Bullshit. Lenses and textures aren't magic - they work based on laws of physics. If you can emulate those realistically enough, the end product will be the same.
Also, this ties into the whole stupid argument put forward by what I can only assume are uneducated hipsters who like to see film as some kind of set-in-stone ideal which should not be tampered with, or else the gods will be displeased. The old movies were better, CGI is bad, yadda yadda, all the same pseudointellectual crap from people who like to feel that their taste is special and privileged.
District 9 and Avatar were awesome as far as I'm concerned and felt no more or less "rich" than other movies I enjoyed.
No computer graphics in Blade Runner and that was an awesome sci-fi movie. OK, it did also have Ridley Scott directing and Rutger Hauer and Harrison Ford, but no CGI and if you didn't know that you'd think it did.

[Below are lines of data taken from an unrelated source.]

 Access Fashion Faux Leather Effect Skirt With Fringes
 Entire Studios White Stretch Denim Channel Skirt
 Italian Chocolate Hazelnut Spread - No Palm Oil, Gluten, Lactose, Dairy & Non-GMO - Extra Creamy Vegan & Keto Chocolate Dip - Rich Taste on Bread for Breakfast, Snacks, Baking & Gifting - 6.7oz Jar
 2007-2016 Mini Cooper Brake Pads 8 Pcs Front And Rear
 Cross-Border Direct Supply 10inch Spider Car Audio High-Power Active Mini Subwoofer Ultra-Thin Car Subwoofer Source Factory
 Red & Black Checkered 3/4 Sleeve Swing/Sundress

Sci-fi is absolutely no different from other genres. The conflicts that form the basis of the story are exactly the same. Anytime you deviate from good storytelling you have made a vast mistake. CGI and green screen can aid in that deviation but ultimately they are only a crutch with the real problem being solely on the shoulders of the producers and directors. Any use or not use of some sort of storytelling technique is simply hype and nothing more. Very good movies can be made on shoestring budgets as well as on multi-hundred million dollar budgets. The technology makes absolutely positively NO difference whatsoever. Don't believe me? If you truly love film watch A Streetcar Named Desire and tell me that technology makes any difference at all. That movie looks like a filmed stage production and is one of the single best movies I have ever seen. On the other hand come the recent super hero movies. They haven't all been great by any means, but most of them are at least good and they have tons of CGI and green screen work. The point I'm making is that they are pointing a finger at something that is not the culprit and I have to wonder if they are doing it as an experiment in storytelling or as a bunch of hype to sell their movie high while it costs low, but I can be an acerbic cynical snipy jerk.

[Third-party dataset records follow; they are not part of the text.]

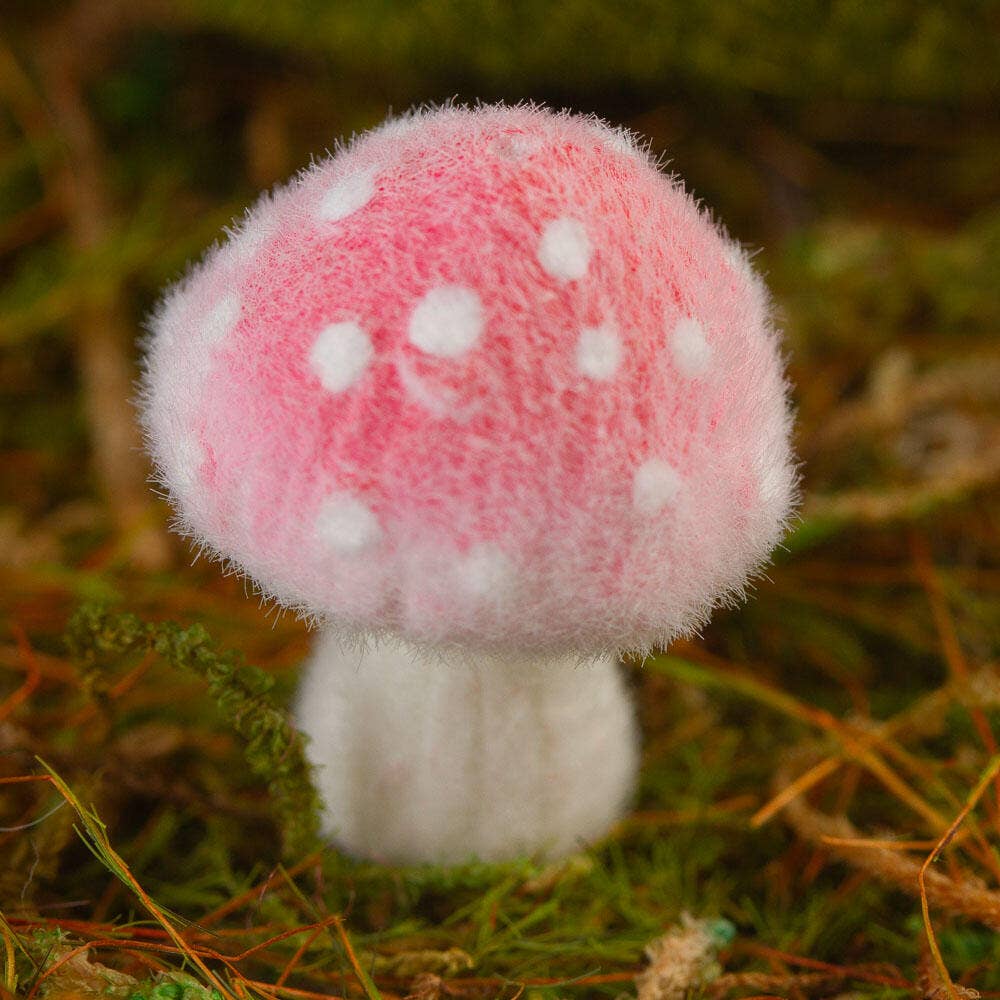 1" Miniature Flocked Mushrooms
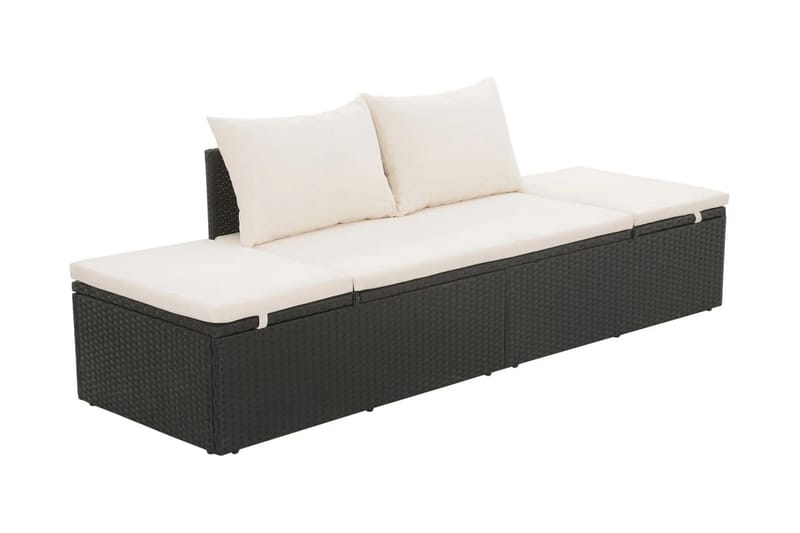Solsäng 195x60 cm konstrotting svart - Svart - Utemöbler - Utestol & trädgårdsstol - Solsäng & Solvagnar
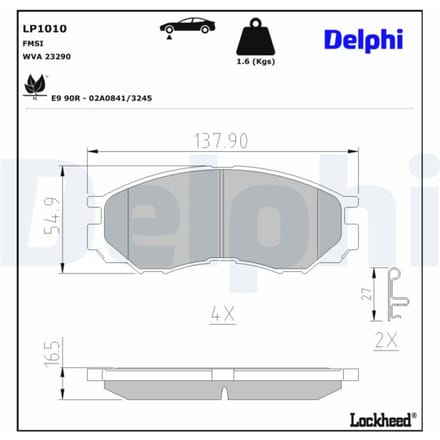 Remblokkenset, schijfrem DELPHI LP1010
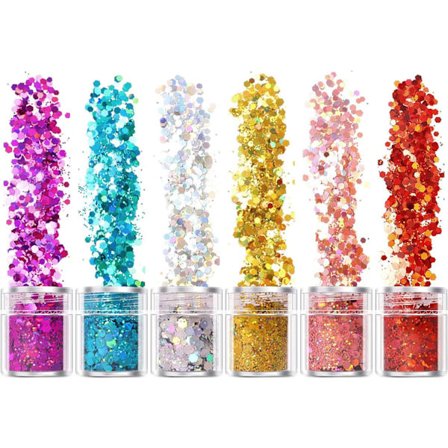 6 Farver Dekorativ Glitter, Harpiks Glitter, Ansigtsmakeup Glitter,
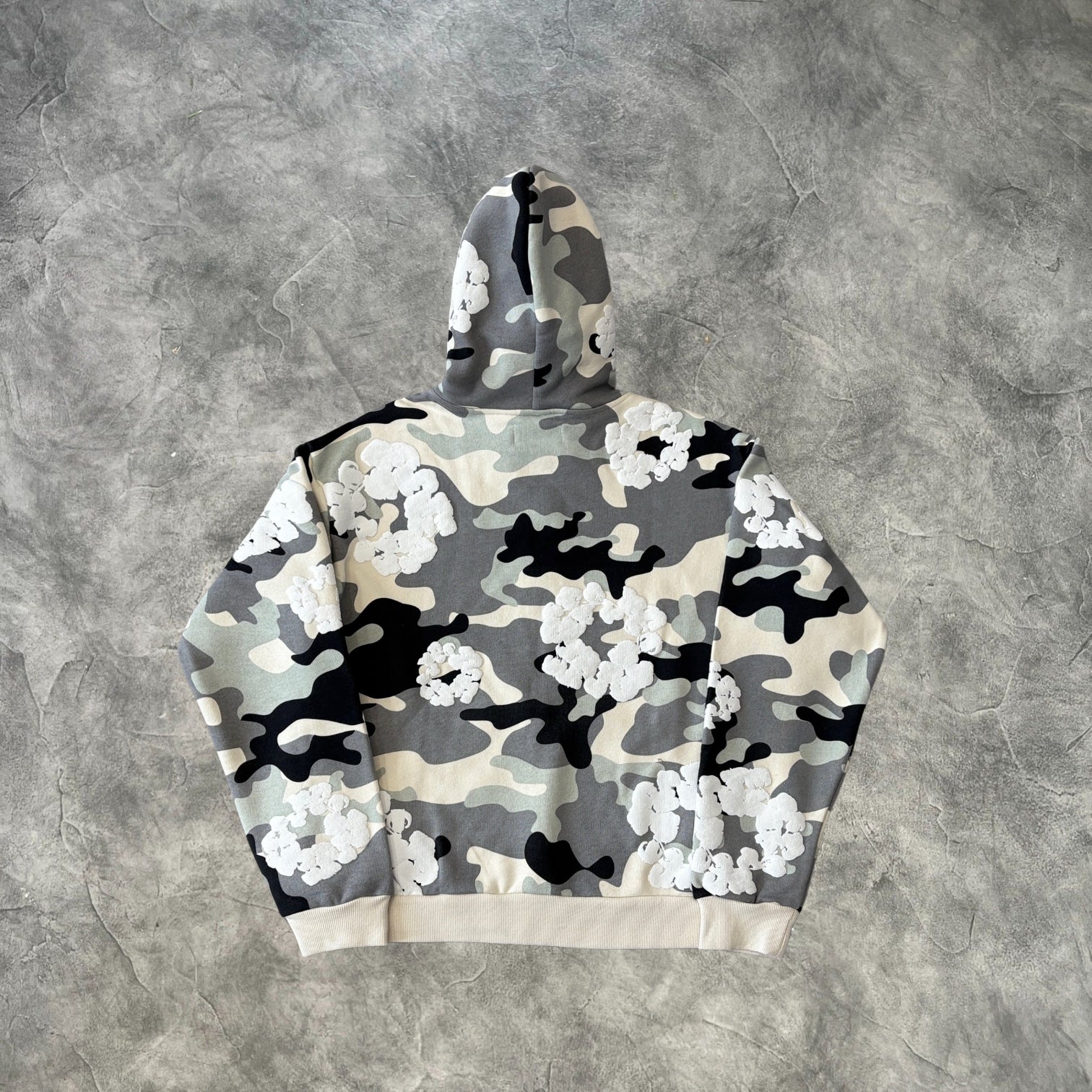 Denim Tears Kapok Flower Camouflage Zip-Up Sweatshirt Snowflake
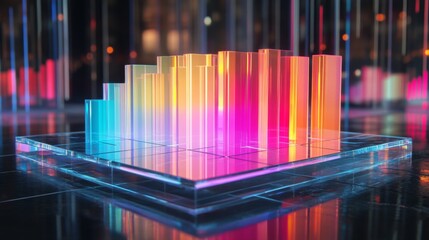 Fototapete - D bar graph with vibrant colors, arranged in ascending order on a transparent glass base, with soft ambient lighting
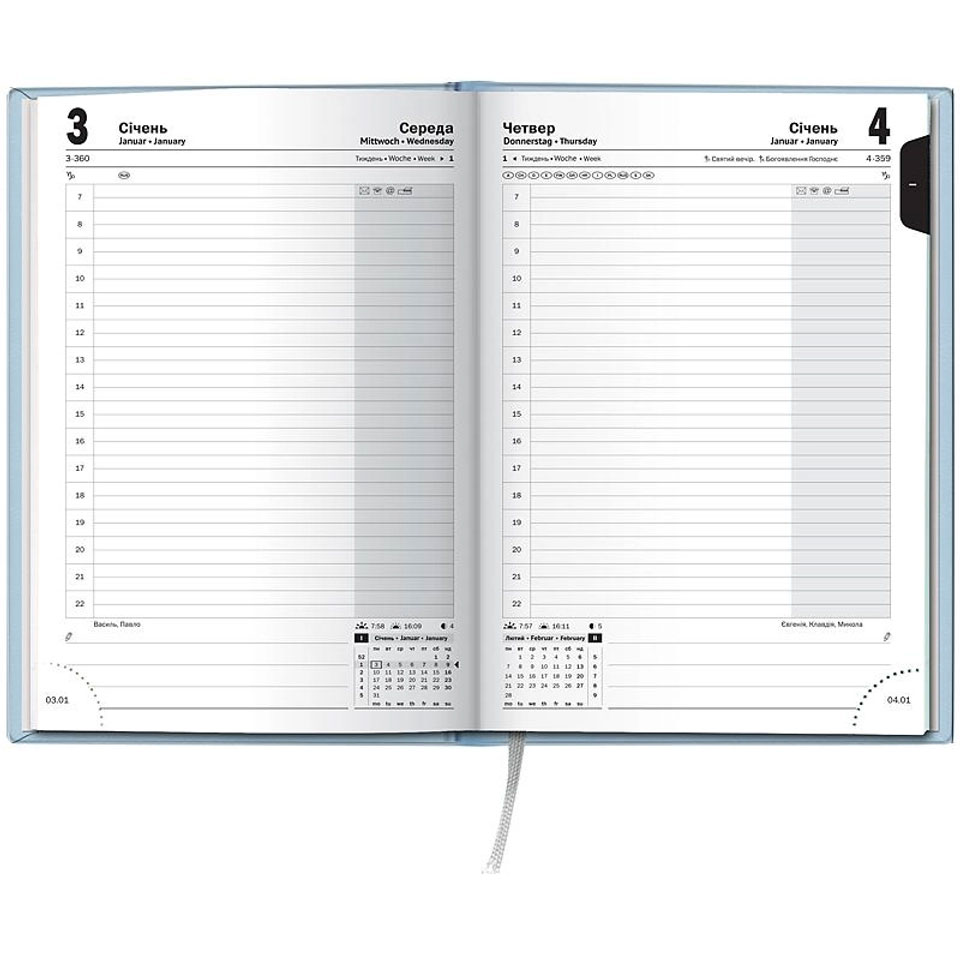 Щоденник датований 2024 Стандарт Torino Trend, сліпе тиснення, блакит. Brunnen - фото 2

Will the sequels be called C++ , Objective-C and C#? Will they even be called sequels or SQLs?
It sounds like a great plot. I certainly wouldn't hold on to saying there will be no CGI. Nothing beats CGI for shots of planets from space. CGI can be used to make space scenes look like they belong. Paint on glass requires someone with serious skills to make space scenes look realistic. The more they show what is being explored the better an exploration film is, IMHO. SGU was a good example of not showing space or the ship enough. They had this massive ship. Not only did it have tech exploration waiting to be exposed it had historical exploration that could be explored too. That is two seasons of good stories if you ask me. Instead they focused on trying to duplicate Battle Star Galactica's moody environment and plot. Sci-Fi that introduces new places, people, and things are historically the most successful; Star-Trek, Starwars, Dune, Avatar. I think these guys should take a really good comparison look at the two Dune movies. Anyway. I hope they get some decent cash to make the file and rethink using CGI.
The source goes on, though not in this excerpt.